▶ Record set:
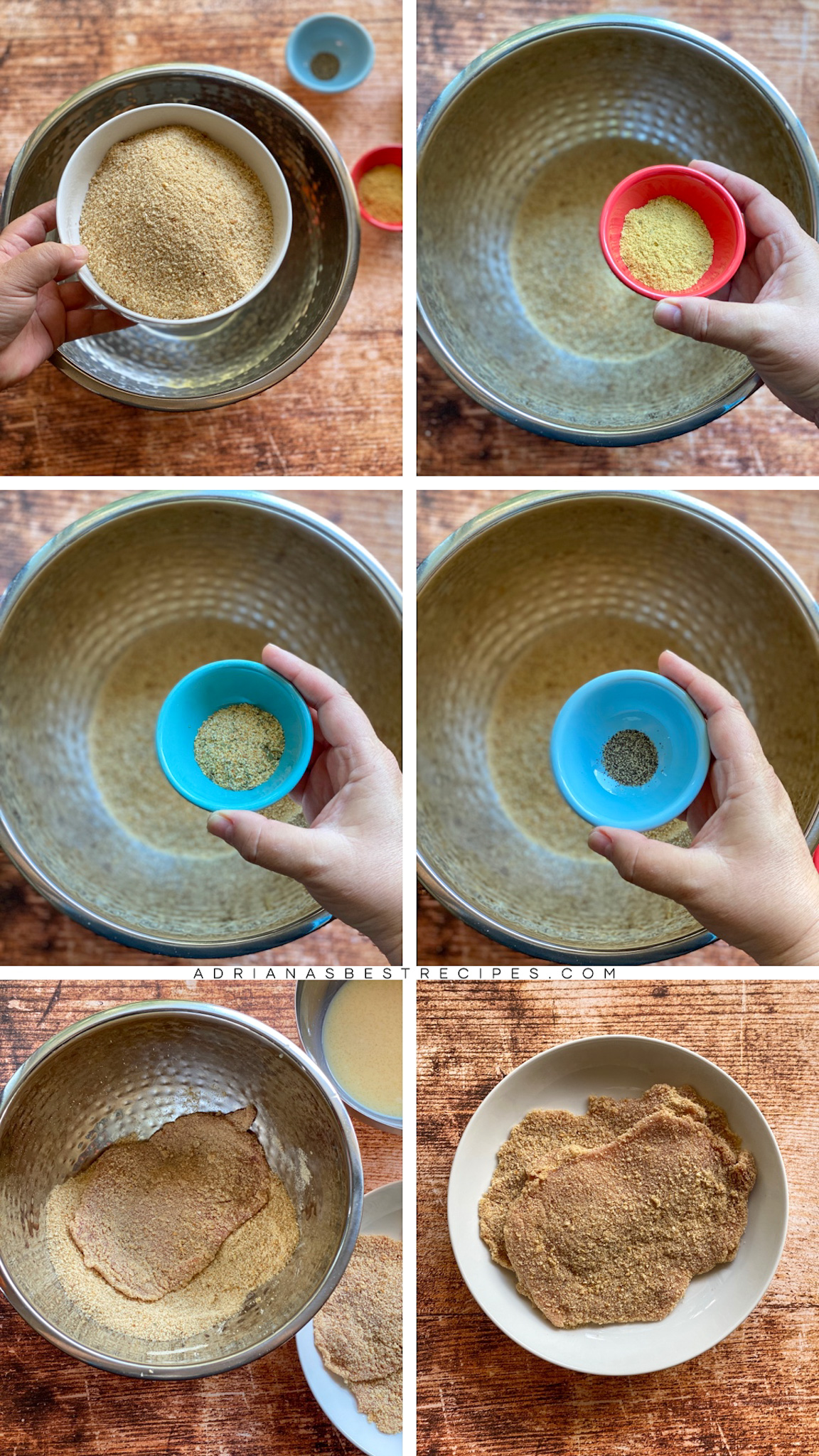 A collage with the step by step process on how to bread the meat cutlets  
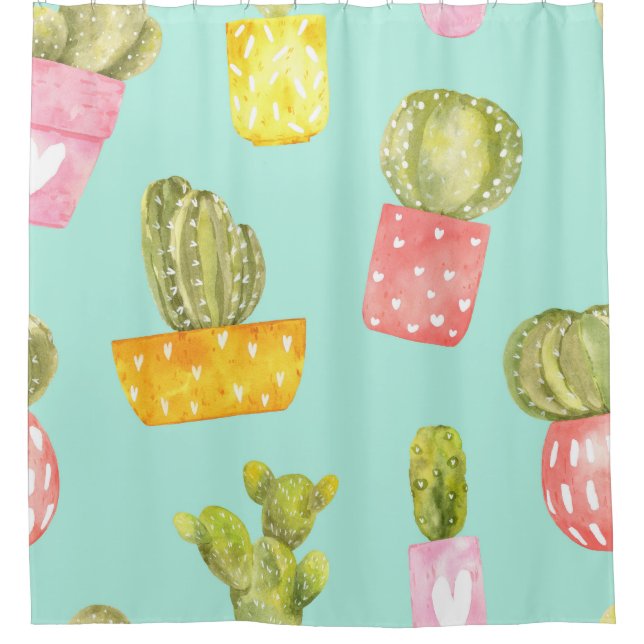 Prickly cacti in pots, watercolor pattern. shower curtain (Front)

* * *

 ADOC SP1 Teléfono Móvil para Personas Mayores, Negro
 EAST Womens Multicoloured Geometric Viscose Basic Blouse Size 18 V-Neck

▶ Directions for this task:
Using the listing above, restate exactly the range between the lines holding "A collage with" and "Prickly cacti in", inclusive, with pictures left out.

▶ Answer below:
 A collage with the step by step process on how to bread the meat cutlets  
 Prickly cacti in pots, watercolor pattern. shower curtain (Front)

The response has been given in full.